(Records drawn from a dataset)

========

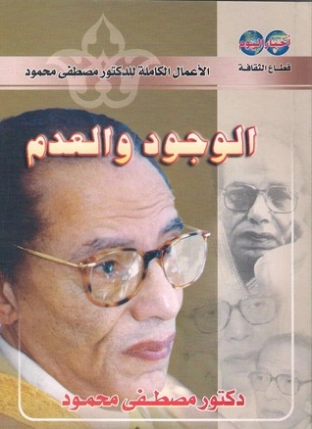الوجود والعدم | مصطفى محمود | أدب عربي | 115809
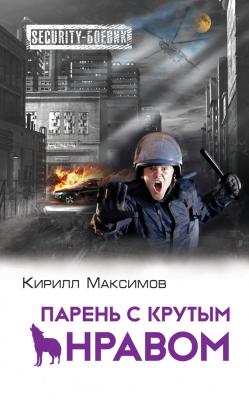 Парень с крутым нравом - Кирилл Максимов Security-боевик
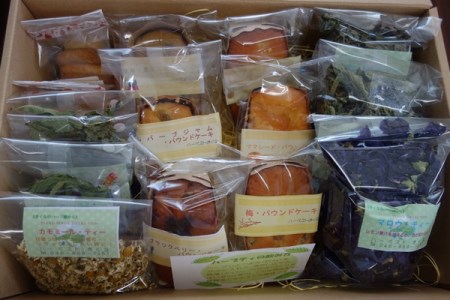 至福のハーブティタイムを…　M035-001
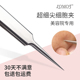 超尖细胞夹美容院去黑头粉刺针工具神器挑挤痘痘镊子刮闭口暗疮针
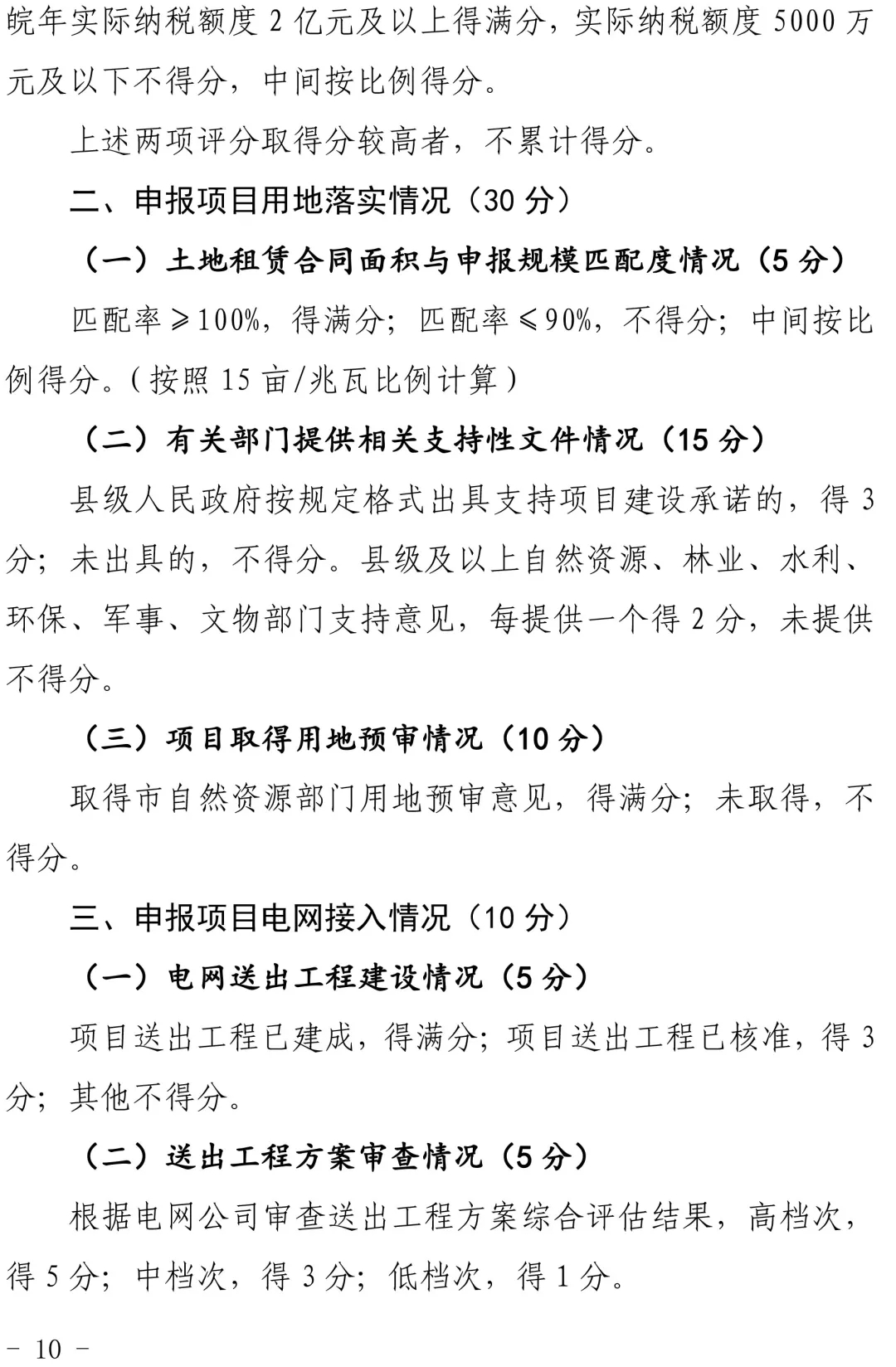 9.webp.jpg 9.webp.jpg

========

WHAT TO WORK ON
Output nothing but the records, word for word, and none of their pictures.

EXERCISE RESPONSE
الوجود والعدم | مصطفى محمود | أدب عربي | 115809
 Парень с крутым нравом - Кирилл Максимов Security-боевик
 至福のハーブティタイムを…　M035-001
 超尖细胞夹美容院去黑头粉刺针工具神器挑挤痘痘镊子刮闭口暗疮针
 9.webp.jpg 9.webp.jpg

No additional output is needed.